Along with her husband, Mrs. Vanni brings the trends and style of the world to Black Hawk. The excitement generated in their dance pavilion affects all the groups in town: the town ladies send their daughters to Mrs. Vanni’s dancing classes, while the country girls and boys and working men enjoy the nightly dances. The Progressive Euchre Club arranges exclusive use of the tent on Tuesday and Friday nights but Jim prefers Saturday nights, when the country boys and girls joined the hired girls.

U Sylvester Lovett

Sylvester, a cashier at his father’s bank, also prefers the Saturday night dances with the hired girls. He was especially crazy about Lena.

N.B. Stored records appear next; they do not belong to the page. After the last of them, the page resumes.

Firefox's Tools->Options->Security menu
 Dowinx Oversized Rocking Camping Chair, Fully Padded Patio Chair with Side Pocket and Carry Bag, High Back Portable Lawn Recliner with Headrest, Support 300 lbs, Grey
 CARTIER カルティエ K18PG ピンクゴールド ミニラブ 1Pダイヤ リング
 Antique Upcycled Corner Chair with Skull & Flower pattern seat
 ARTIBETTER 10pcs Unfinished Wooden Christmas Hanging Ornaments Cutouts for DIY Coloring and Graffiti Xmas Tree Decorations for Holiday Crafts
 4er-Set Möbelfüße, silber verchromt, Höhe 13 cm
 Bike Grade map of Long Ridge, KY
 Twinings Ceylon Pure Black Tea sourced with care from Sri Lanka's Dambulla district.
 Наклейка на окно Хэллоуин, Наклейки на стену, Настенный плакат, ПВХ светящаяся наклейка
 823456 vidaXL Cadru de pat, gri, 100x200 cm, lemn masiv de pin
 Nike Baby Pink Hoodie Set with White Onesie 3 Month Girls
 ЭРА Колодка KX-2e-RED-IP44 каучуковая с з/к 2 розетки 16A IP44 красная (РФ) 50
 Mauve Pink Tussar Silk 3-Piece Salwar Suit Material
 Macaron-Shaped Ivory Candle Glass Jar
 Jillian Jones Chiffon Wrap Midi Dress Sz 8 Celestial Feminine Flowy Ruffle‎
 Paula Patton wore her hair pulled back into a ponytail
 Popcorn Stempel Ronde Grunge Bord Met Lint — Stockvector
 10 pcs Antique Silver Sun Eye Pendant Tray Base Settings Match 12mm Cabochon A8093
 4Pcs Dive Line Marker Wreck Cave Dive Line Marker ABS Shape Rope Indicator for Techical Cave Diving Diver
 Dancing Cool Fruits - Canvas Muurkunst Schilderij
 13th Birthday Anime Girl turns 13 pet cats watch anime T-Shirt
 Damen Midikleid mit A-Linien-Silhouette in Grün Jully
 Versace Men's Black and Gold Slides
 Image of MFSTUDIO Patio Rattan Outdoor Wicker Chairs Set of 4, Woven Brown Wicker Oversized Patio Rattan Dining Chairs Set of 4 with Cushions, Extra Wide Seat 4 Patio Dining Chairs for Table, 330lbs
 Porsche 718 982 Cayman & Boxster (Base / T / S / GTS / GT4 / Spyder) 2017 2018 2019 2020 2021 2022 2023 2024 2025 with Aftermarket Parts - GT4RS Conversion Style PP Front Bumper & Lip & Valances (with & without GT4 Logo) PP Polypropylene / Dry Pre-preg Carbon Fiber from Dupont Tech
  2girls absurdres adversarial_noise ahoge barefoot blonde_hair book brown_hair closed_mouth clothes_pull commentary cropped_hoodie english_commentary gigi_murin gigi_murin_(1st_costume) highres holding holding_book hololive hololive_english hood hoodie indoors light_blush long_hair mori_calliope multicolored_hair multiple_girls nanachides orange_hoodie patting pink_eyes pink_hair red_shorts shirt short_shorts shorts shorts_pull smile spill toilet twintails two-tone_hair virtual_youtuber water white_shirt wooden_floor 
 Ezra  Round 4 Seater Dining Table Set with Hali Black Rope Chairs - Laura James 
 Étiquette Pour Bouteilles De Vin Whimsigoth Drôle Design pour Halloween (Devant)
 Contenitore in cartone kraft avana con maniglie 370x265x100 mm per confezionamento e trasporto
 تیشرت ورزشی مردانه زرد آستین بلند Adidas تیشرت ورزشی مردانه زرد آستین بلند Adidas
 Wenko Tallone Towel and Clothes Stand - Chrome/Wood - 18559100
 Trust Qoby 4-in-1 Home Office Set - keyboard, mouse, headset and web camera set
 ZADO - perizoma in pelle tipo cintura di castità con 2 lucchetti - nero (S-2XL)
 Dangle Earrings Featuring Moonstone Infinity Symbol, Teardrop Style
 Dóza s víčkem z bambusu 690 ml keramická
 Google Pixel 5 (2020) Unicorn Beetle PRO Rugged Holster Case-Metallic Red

Jim says, “In my ingenuousness I hoped that Sylvester would marry Lena, and thus give all the country girls a better position in town.” When he marries a respectable widow instead, Jim is contemptuous of him.

V Gaston Cleric

Jim’s Latin teacher in Lincoln awakens his mind and makes the classics come alive for him. Jim believes that Cleric “narrowly missed being a great poet,” but spends all his creative energy in his lectures. It is on his account that Jim goes to Harvard.

W Anton Cuzak

Antonia’s husband had made several bad decisions in his youth in Vienna and in America. He finally comes to Black Hawk to visit his cousin, Anton Jelinek. When he meets Antonia, he finds exactly the kind of girl he had always wanted. Lena thinks he is the perfect partner for Antonia: “He isn’t a hustler, but a rough man would never have suited Tony.” Anton also loves his children and has an artistic sense; he is very fond of music, just as Antonia’s father was.

X Anton Jelinek

A young Bohemian settler, Jelinek comes to help his fellow countrymen after Mr. Shimerda’s death. “Everything about him was warm and spontaneous,” Jim says, and he impresses the Burdens with a tale of religious faith from his youth. It is his cousin, Anton Cuzak, who comes to Black Hawk and marries the disgraced Antonia.

Y Peter Krajiek

The first Bohemian settler in Black Hawk, Krajiek provides land and supplies for the Shimerdas’ homestead-at a grossly inflated price. Krajiek takes advantage of the family in every way he can, even though he is distantly related to Mrs. Shimerda. After Mr. Shimerda’s suicide, Krajiek “behaved like a guilty man,” and Jim believes he may feel some remorse in addition to his fear.

Z Mrs. Molly Gardener

Owner of Black Hawk’s hotel, Mrs. Gardener is the best-dressed woman in town but “seemed indifferent to her possessions,” as Jim says. Nevertheless, she is cold and rare is the guest who is given the privilege of speaking with her. She runs the business while her mild-mannered husband greets guests. It is while she is out of town that there is an impromptu dance at the hotel with Blind d’Arnault playing.